Information provided:
[Start of Attachment]

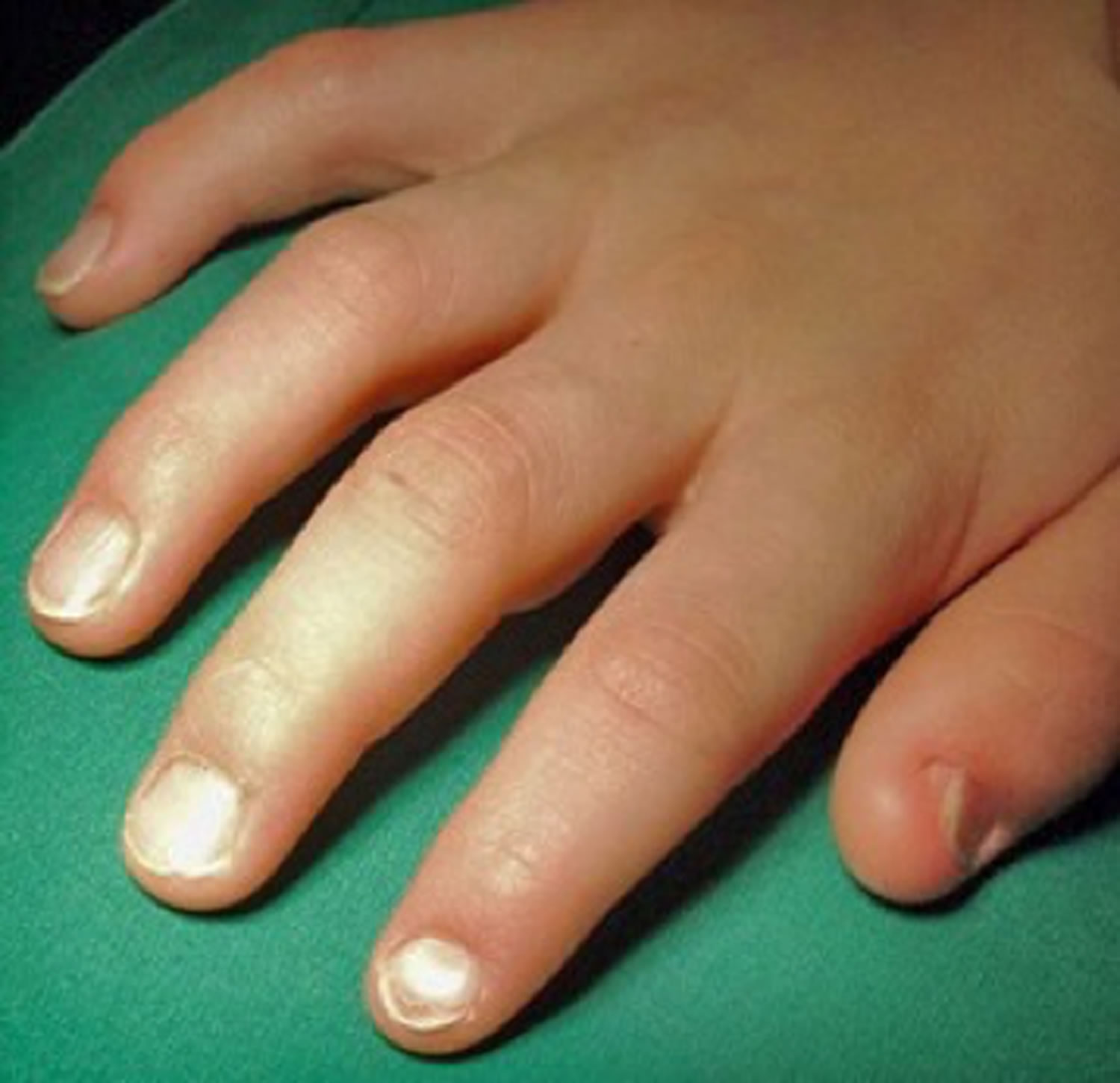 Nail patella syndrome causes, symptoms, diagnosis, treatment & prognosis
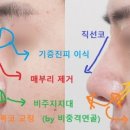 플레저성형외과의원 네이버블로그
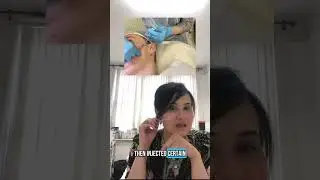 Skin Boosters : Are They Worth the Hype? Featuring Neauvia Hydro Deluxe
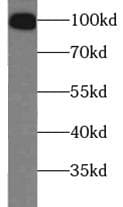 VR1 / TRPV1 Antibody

[End of Attachment]

What you have to do: What is needed is an exact repetition of every line from the line with "Skin Boosters : Are" to the end of the data above, both ends included, with no pictures.

Response to this task:
 Skin Boosters : Are They Worth the Hype? Featuring Neauvia Hydro Deluxe
 VR1 / TRPV1 Antibody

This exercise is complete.